Have you ever noticed that most companies don’t spend a lot of time telling you “how things get done around here?”

Shockingly, very little information is available explicitly.

  • Our management guru of choice: Is it Steve Jobs, Jack Welch, Tom Peters, Peter Drucker, who? What books do we read, what discipline do we follow?
  • The history, mission and current challenges facing the organization: When did it get started? What were the meaningful moments? Who do we revere here, what difference did they make? What do we need to do now, and why?
  • The little things: Words “we” use. When people go to lunch. How to address superiors (first name only or more formally), send emails (short or long, or maybe we talk in person and stay off the computer), and so on?
  • Of course, the “brass tacks”: What are our standard operating procedures? How do we define each job – your job? When we sit down together at the end of the year and talk about a bonus – will you have known all this time what you could have done to earn it?

You would think we’d spend almost all our time doing management stuff, performance stuff, coaching stuff and cultural stuff. And, of course, training stuff to get people up to speed.

For no matter how sophisticated your operation, only human beings can get the work done. Only people can make the decisions, pull the levers, and leverage the technologies.
So why do we leave them grasping for answers in the dark?

I think the answer is that the higher they go on the food chain, the less executives understand how very little most people in the organization know – because they are having conversations at the top, where most of the real action lives.

Living at the top, most executives not only don’t understand the downstream impact of ignorance – they actually do not see, and cannot understand, that it exists.

But they do see that employees are unmotivated, that they don’t care.

Here’s a good way to fix that problem: Tell people what is going on, what you want from them, and how they can help.  In short:

“A company is people … employees want to know… am I being listened to or am I a cog in the wheel? People really need to feel wanted.” – Richard Branson, Founder, Virgin Enterprises

You don’t have to make a big deal out of “internal communication” programs or hire a huge specialized staff to speak in a foreign language to those you manage.

Just step back and let them do what they are supposed to do in the first place.

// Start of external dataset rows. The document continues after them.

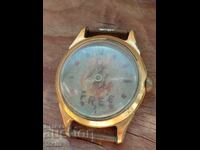 Ρωσικό επιχρυσωμένο Au 20 . BZC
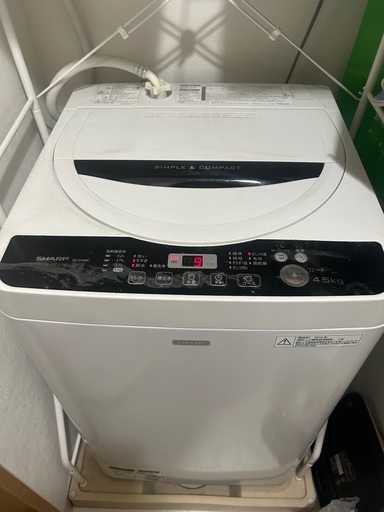 シャープ洗濯機　4.5kg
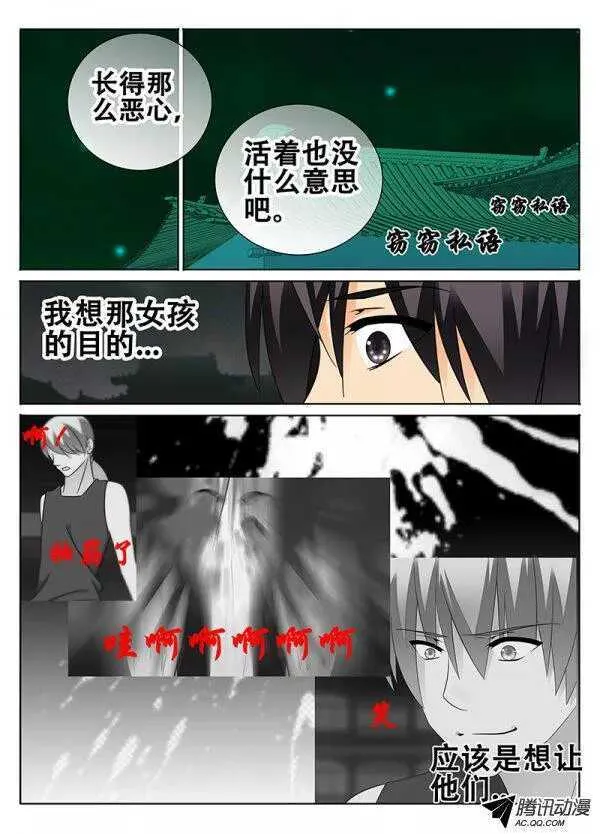 不同世界的人4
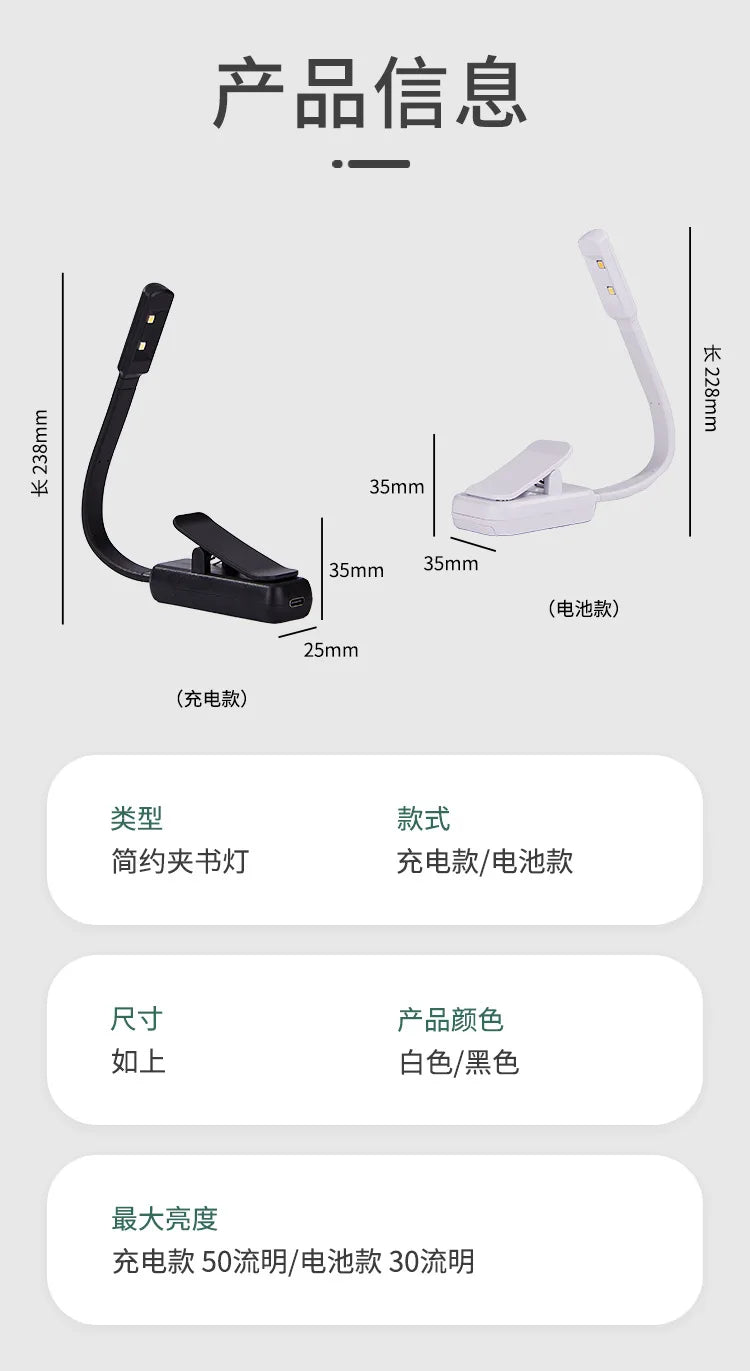 LED Reading Light Book Lights With Reading Lamp Portable And Rechargeable Reading Lights With Clamps For Camping Travel Studying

If you don’t, guess what is going to happen?

They will “divorce” you!

But before they leave, they’ll be disengaged, pushing email back and forth, getting into needless conflicts with other employees, and eventually marking time while they find another employer that loves and values them.

Of course, there are many intelligently run companies out there. They make sure, at all times, that staff members know their place on the team. That they’re up to speed, formally and informally.

Richard Branson again:

“Complexity is your enemy. Any fool can make something complicated. It is hard to keep things simple.” – Richard Branson, Founder, Virgin Enterprises

In fact, great companies go well beyond informing. Instead, their attitude is all about marketing, and they market from top to the bottom and all the way back up again because they know that the employees are really all they have in terms of assets. With every word, every assignment, every email and every chat they communicate:

“You were born to be a player. You were meant to be here. This moment is yours.”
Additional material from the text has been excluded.